Aim of the task: From the entries that follow, copy exactly the lines beginning at the line holding "2017 BMW 5 Series" and continuing through the line holding "Air Jordan ‘Fire Red’ 4".

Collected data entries
____
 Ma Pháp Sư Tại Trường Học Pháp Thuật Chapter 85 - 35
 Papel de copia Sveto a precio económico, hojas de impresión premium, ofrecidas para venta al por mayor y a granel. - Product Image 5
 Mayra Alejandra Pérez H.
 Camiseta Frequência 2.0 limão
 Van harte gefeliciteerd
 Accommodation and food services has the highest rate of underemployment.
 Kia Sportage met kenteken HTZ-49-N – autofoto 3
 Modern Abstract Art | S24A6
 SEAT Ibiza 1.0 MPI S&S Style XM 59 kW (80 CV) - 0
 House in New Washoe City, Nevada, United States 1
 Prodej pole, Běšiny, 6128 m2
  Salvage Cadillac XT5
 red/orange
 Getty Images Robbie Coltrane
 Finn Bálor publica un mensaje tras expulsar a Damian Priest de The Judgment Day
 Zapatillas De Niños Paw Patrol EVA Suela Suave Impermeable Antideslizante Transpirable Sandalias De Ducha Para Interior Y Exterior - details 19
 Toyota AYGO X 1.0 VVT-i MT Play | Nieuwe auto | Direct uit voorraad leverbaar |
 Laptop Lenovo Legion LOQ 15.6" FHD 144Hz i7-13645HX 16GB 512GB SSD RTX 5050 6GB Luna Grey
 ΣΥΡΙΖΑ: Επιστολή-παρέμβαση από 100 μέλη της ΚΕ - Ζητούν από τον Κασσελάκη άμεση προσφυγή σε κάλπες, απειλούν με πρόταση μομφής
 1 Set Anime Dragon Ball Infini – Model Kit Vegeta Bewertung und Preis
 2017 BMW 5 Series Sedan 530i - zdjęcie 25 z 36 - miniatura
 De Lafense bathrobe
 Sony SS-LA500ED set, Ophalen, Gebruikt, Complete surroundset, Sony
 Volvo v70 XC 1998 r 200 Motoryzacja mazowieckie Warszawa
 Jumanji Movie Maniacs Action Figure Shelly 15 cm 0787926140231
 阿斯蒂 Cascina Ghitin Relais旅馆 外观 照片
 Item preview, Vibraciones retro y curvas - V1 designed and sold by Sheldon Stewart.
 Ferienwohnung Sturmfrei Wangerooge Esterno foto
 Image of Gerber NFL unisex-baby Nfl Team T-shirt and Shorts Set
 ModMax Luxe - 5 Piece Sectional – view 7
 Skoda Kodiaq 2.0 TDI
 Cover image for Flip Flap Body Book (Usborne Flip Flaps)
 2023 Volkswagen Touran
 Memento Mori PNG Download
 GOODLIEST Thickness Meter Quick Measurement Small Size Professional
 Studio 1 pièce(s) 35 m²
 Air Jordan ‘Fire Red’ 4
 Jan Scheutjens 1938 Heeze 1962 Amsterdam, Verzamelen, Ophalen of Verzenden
____
Solution for this exercise:
 2017 BMW 5 Series Sedan 530i - zdjęcie 25 z 36 - miniatura
 De Lafense bathrobe
 Sony SS-LA500ED set, Ophalen, Gebruikt, Complete surroundset, Sony
 Volvo v70 XC 1998 r 200 Motoryzacja mazowieckie Warszawa
 Jumanji Movie Maniacs Action Figure Shelly 15 cm 0787926140231
 阿斯蒂 Cascina Ghitin Relais旅馆 外观 照片
 Item preview, Vibraciones retro y curvas - V1 designed and sold by Sheldon Stewart.
 Ferienwohnung Sturmfrei Wangerooge Esterno foto
 Image of Gerber NFL unisex-baby Nfl Team T-shirt and Shorts Set
 ModMax Luxe - 5 Piece Sectional – view 7
 Skoda Kodiaq 2.0 TDI
 Cover image for Flip Flap Body Book (Usborne Flip Flaps)
 2023 Volkswagen Touran
 Memento Mori PNG Download
 GOODLIEST Thickness Meter Quick Measurement Small Size Professional
 Studio 1 pièce(s) 35 m²
 Air Jordan ‘Fire Red’ 4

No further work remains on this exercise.